Farmers Insurance Further Reducing Florida Business
Written by William Rabb, Insurance Journal
Published July 13, 2023
One month after it announced it would stop writing new homeowner policies in Florida, Farmers Insurance said it plans to cut back further on its presence in the hurricane-prone state.
The Florida Office of Insurance Regulation said July 11 it had received a “market reduction notice” from Farmers Insurance Group on July 10. But the information was marked as trade secret, per Florida insurance statutes, so details were not provided.
“We have advised the Florida Office of Insurance Regulation of our decision to discontinue offering Farmers-branded auto, home and umbrella policies in the state,” Farmers Director of Public Relations Trevor Chapman said in a statement July 11. “This business decision was necessary to effectively manage risk exposure.”
Two Florida insurance agents for Farmers told Insurance Journal on July 11 they could not comment and referred all calls to Farmers’ corporate public information office.
It’s likely the move will mean non-renewals for thousands of affected policyholders, but the exact number is unclear. Chapman said Farmers has several brands in Florida and the withdrawal will not affect policies issued through its subsidiaries---auto insurer Bristol West, home insurer Foremost, Foremost Signature, Farmers GroupSelect and Foremost Choice, which include about 70% of the group’s policies in the state.
News reports from around the state noted the pullout could affect as many 100,000 homeowner, auto and umbrella policies, but the OIR’s quarterly report shows Farmers’ policy count may be less than that.
State law requires insurers to give OIR 90 days notice when it plans to stop writing coverage in the state. But that did not appear to be enough for Florida’s chief financial officer, Jimmy Patronis, whose department houses the OIR.
On July 10, Patronis said on Twitter he had heard rumors. “If that’s true, my office is going to explore every avenue possible for holding them accountable,” he tweeted. “Don’t get to leave after taking policyholder money. Can’t write auto if you’re not doing homeowners either. Zero communication!”
In a letter to Farmers’ Victoria McCarthy, released late July 11, Florida Insurance Commissioner Michael Yaworsky said regulators are “disappointed by the hastiness in this decision” and are troubled by how the decision may have cascading impacts on policyholders.
“We also want to directly express our disappointment regarding how this decision was communicated,” the letter said. “While the office recognizes companies need to make operational changes to books of business, OIR always appreciates the opportunity to discuss these complex issues prior to receiving notifications of this nature.”
In a phone call with Farmers representatives July 11, the carrier’s officials committed to facilitating a seamless assumption of policies to other companies that may be interested, Yaworsky noted.
The action by Farmers marks the latest pullback from the Florida market, which has seen 10 property insurer insolvencies in the last 30 months.
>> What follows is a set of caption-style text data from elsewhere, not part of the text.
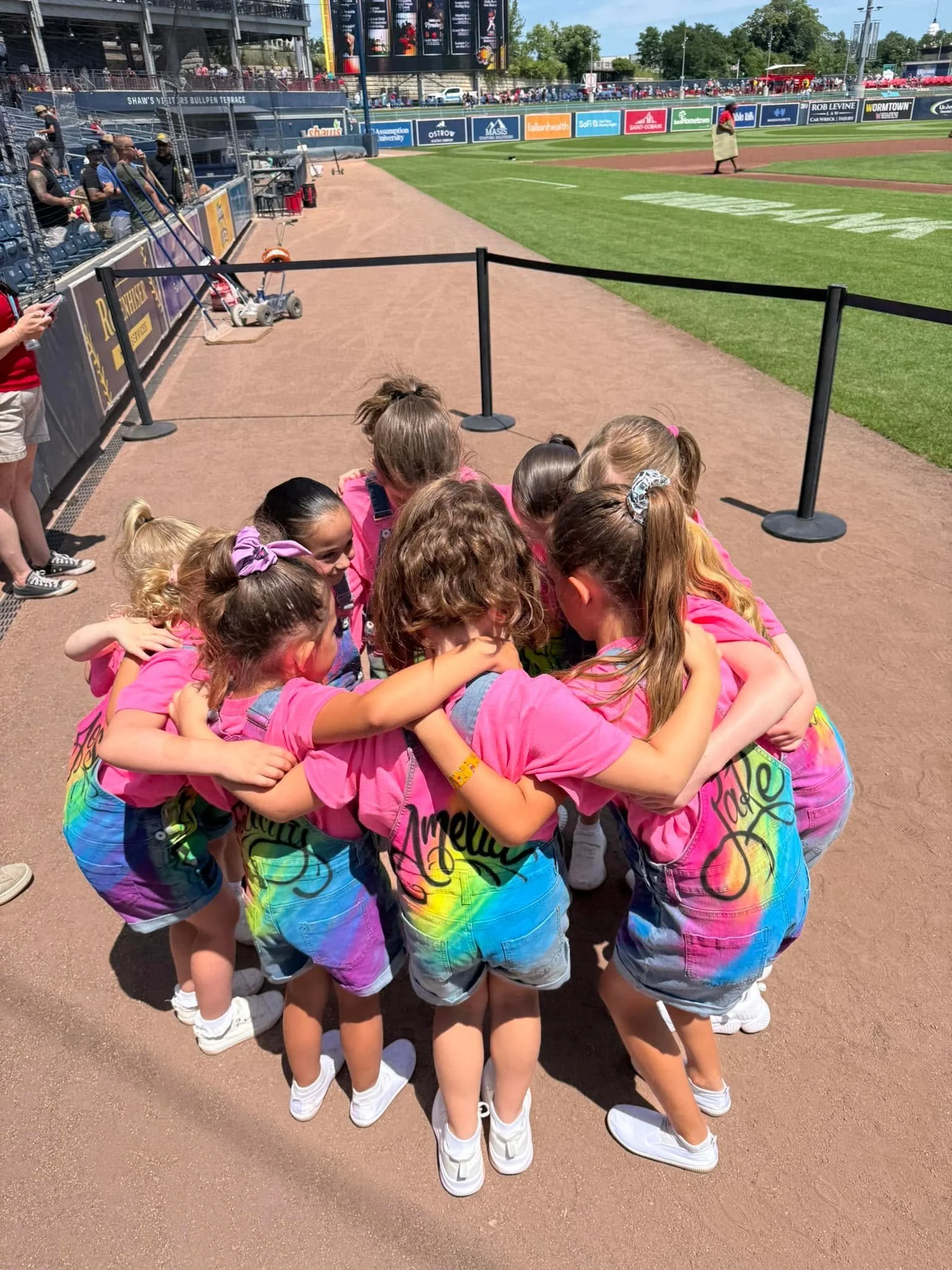 Woosox Huddle.jpg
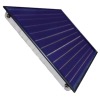 Capteur solaire THERMOR Solar Plan 230V ( F3-1) ref 260060
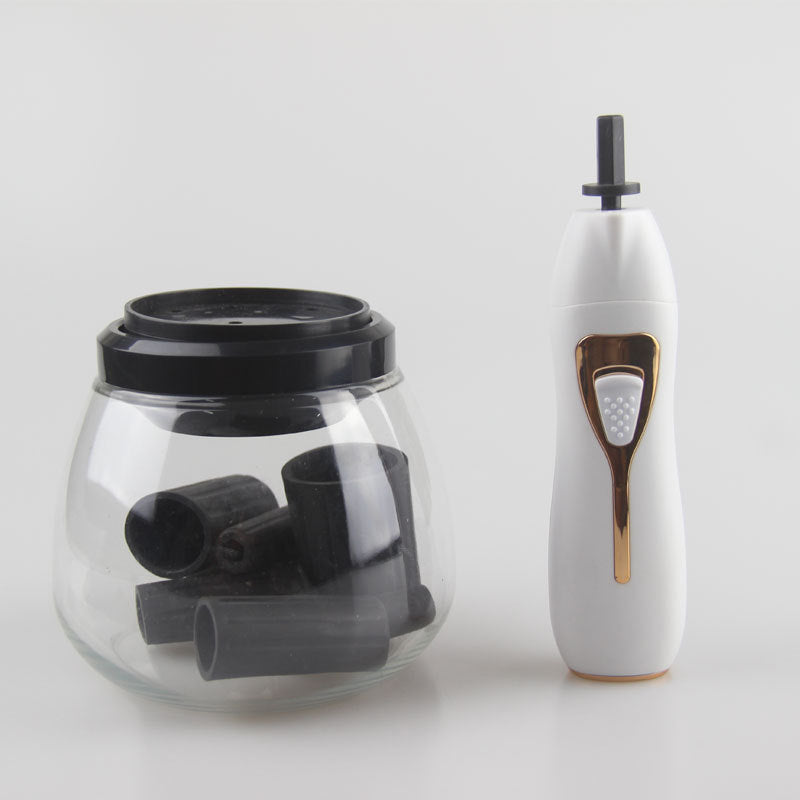 SpeedClean Makeup Brush Revitalizer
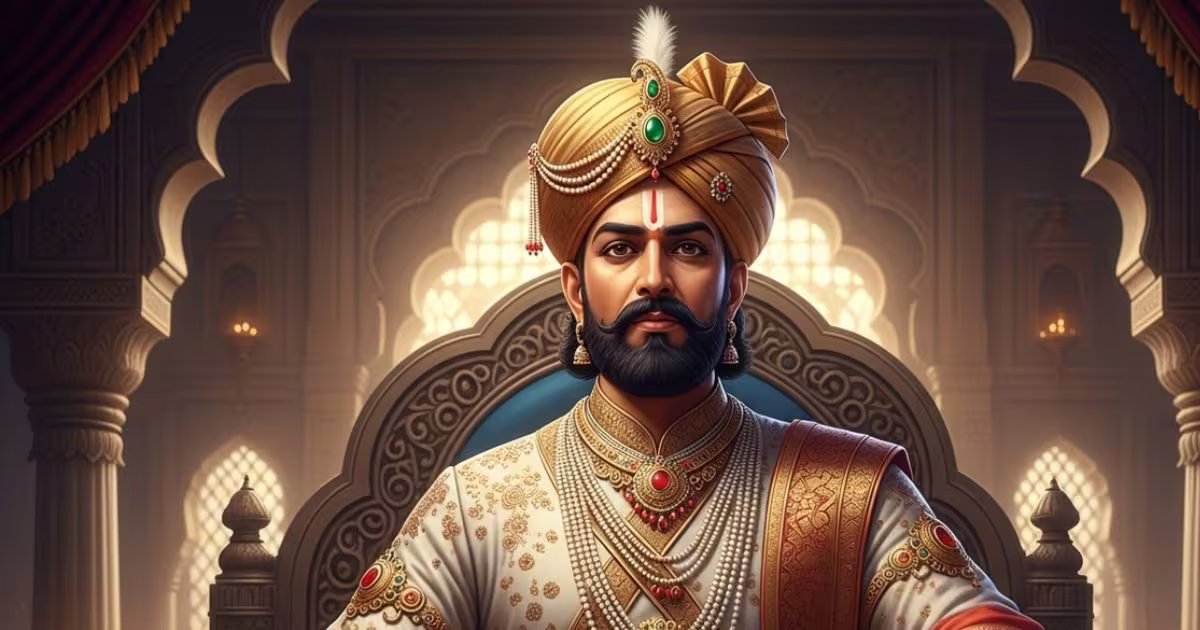 जब नहीं थे AC-कूलर...तब खुद को ऐसे ठंडा रखते थे राजा-महाराजा, गर्मी से बचने का शाही नुस्खा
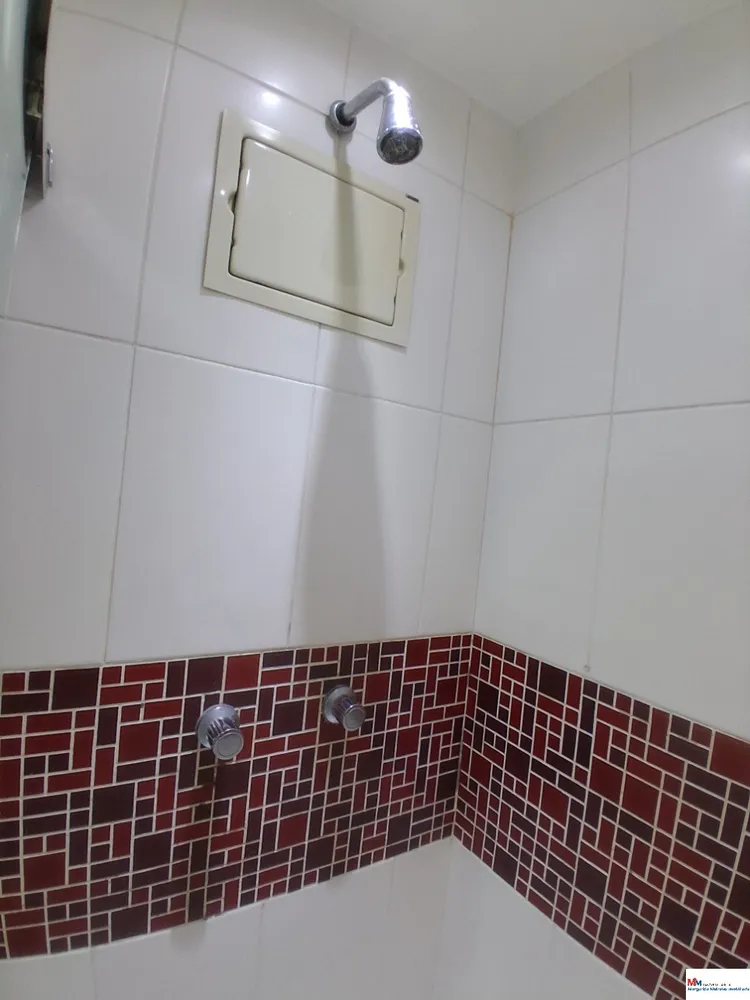 Cobertura, 3 quartos, 165 m² - Foto 56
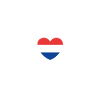 Holland Puls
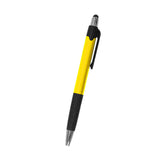 Carnival Onyx Stylus Pen (Q439822)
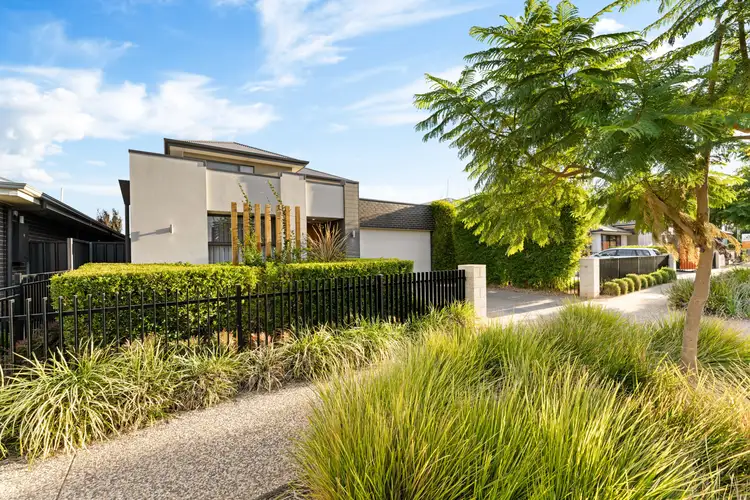 14 Saverio Boulevard, Angle Vale SA 5117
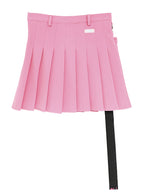 SKIRT STRAP MWM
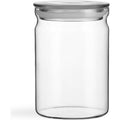 Thumbnail photo of Vipp253 Container Glass 0.9 L Clear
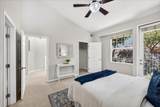 2695 Villa Cortona Way - Photo 26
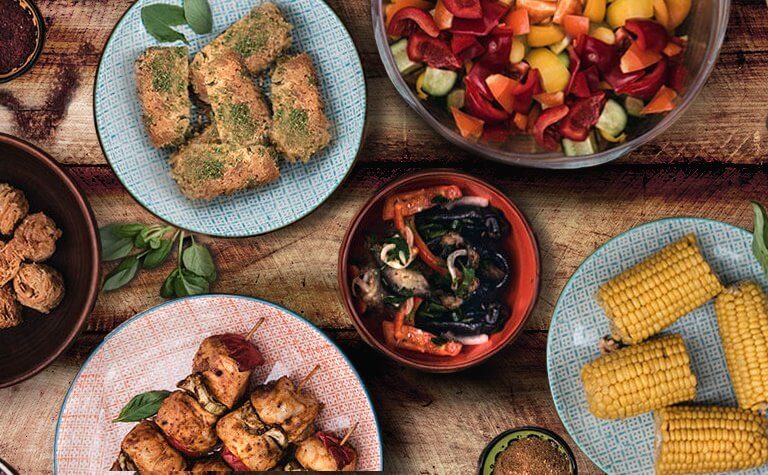 Image with missing alt attribute found on chooseveg.com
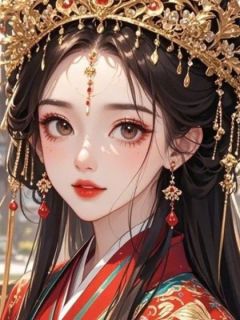 嫡妹抢先选择我的前世夫君后，我点头成全转身认爱赘婿书生商陆商颜免费阅读-嫡妹抢先选择我的前世夫君后，我点头成全转身认爱赘婿书生佚名小说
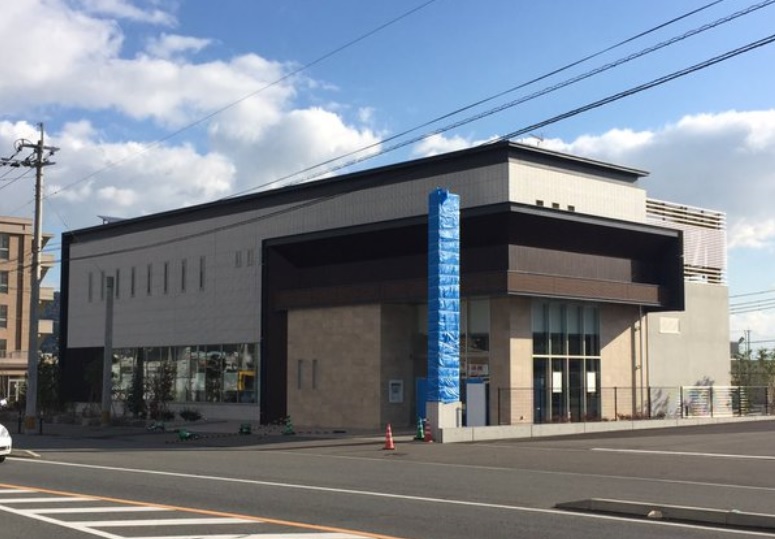 サンシャイン十番館.曽根 周辺画像7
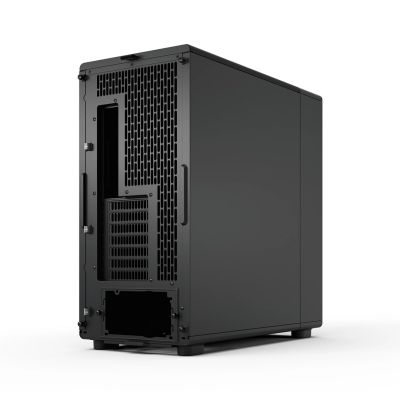 16. Fractal Design Epoch XL Tower Czarny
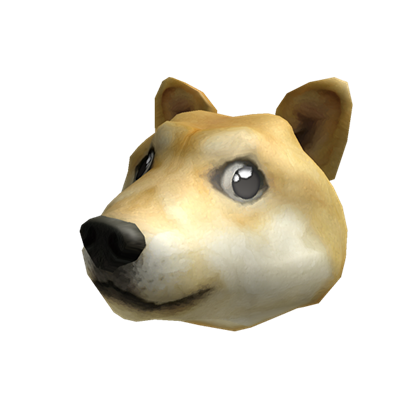 Doge Pet The Scary Elevator Wiki Fandom - doge room roblox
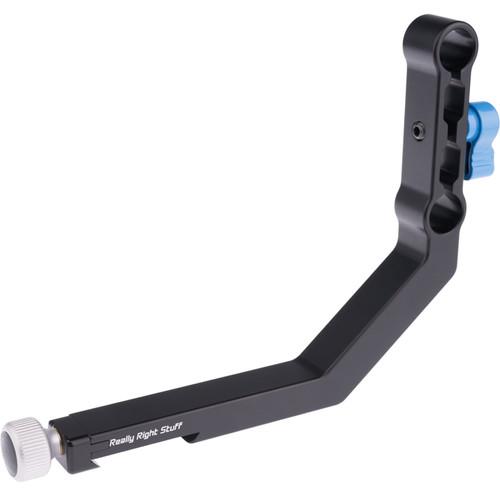 Really Right Stuff Redrock Micro MatteBox Adapter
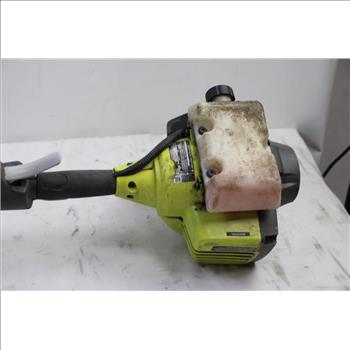 Ryobi Weed Eater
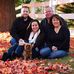 Profile Picture of Steve Plowman (@steve.plowman.75) on Facebook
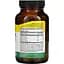 Натуральна добавка Country Life Liver Support Factors підтримки печінки 100 капсул - мініатюра 2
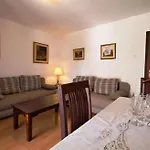 Casa Marcella De Luxe Rovinj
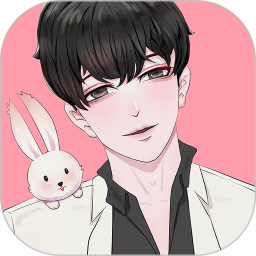 骑士竞彩appv3.1.10 安卓最新版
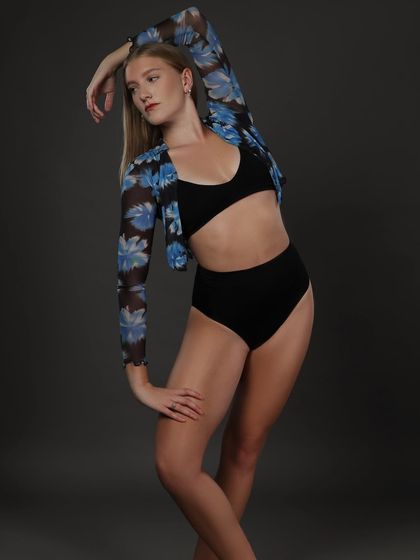 Clean & Classic Model Portfolios photo 8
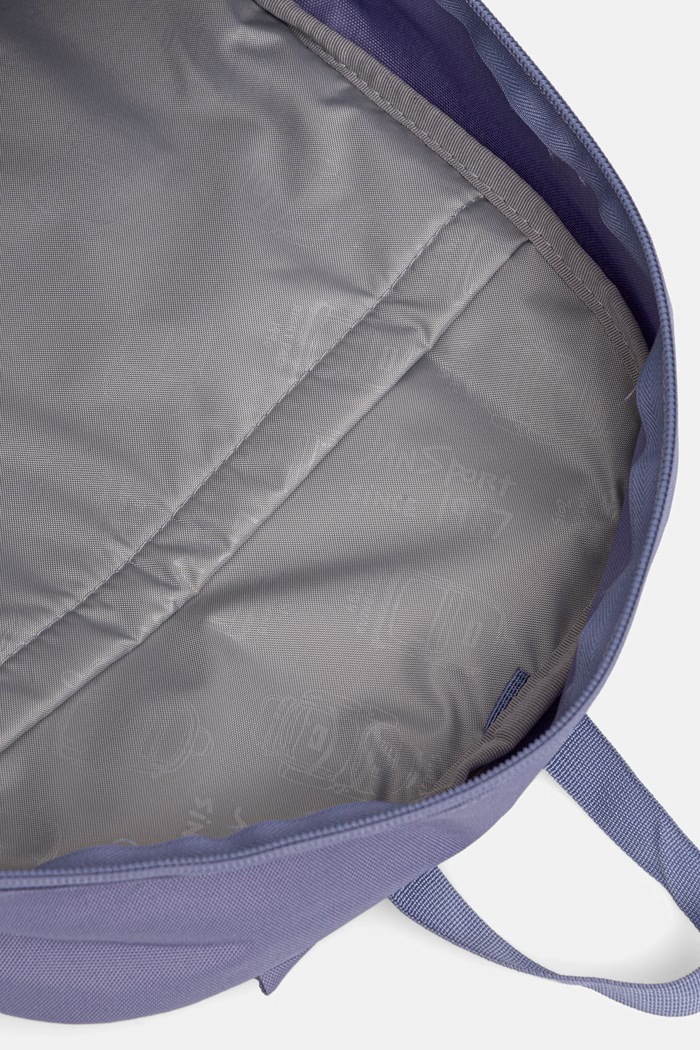 Jansport plecak Cross Town Plus EK0A5BLB0W6 fioletowy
In some cases in the last two years, announcements that carriers would stop writing new policies have preceded insolvencies by just a few months.
Farmers, fronted on national television ads by actor J.K. Simmons, writes policies across the country and is unlikely to be deemed insolvent. But it, like other national carriers, has taken significant steps to reduce exposure. Farmers announced earlier in July it would stop writing new homeowner policies in California, another state where insurers and insureds have been hit hard by natural disasters.
Farmer’s pullback in Florida comes at a curious time---just before insurance reform bills passed by the state Legislature can have much of an impact on the flood of costly claims litigation. Industry insiders said July 11 that Farmers expanded its presence in Florida at exactly the wrong time, just before Hurricane Ian hit the state but before the tort-reform laws have an effect.
In its June announcement that it would halt new HO policies, Farmers said in a statement: “With catastrophe costs at historically high levels and reconstruction costs continuing to climb, we implemented a pause on writing new homeowners policies to more effectively manage our risk exposure.”
Yaworsky’s letter reminded Farmers that Florida’s historic reforms should ensure competitiveness.
Farmers’ insureds must be given 120 days’ notice before policies are canceled or non-renewed, according to state law.
“If a consumer receives a nonrenewal notice from Farmers Insurance Group, they are encouraged to contact their agent immediately to seek alternate coverage,” OIR Communications Director Samantha Bequer said July 11.
In late June, Farmers filed for rate changes for its auto policies in Florida, suggesting the company plans to continue at least some presence in the state.
State Sen. Jason Pizzo, D-Miami, tweeted July 11, appearing to suggest Republican leadership in state government could have done more to prevent a continuing property insurance crisis in the state.
“While campaigning on woke, Florida’s leadership has been asleep,” Pizzo wrote.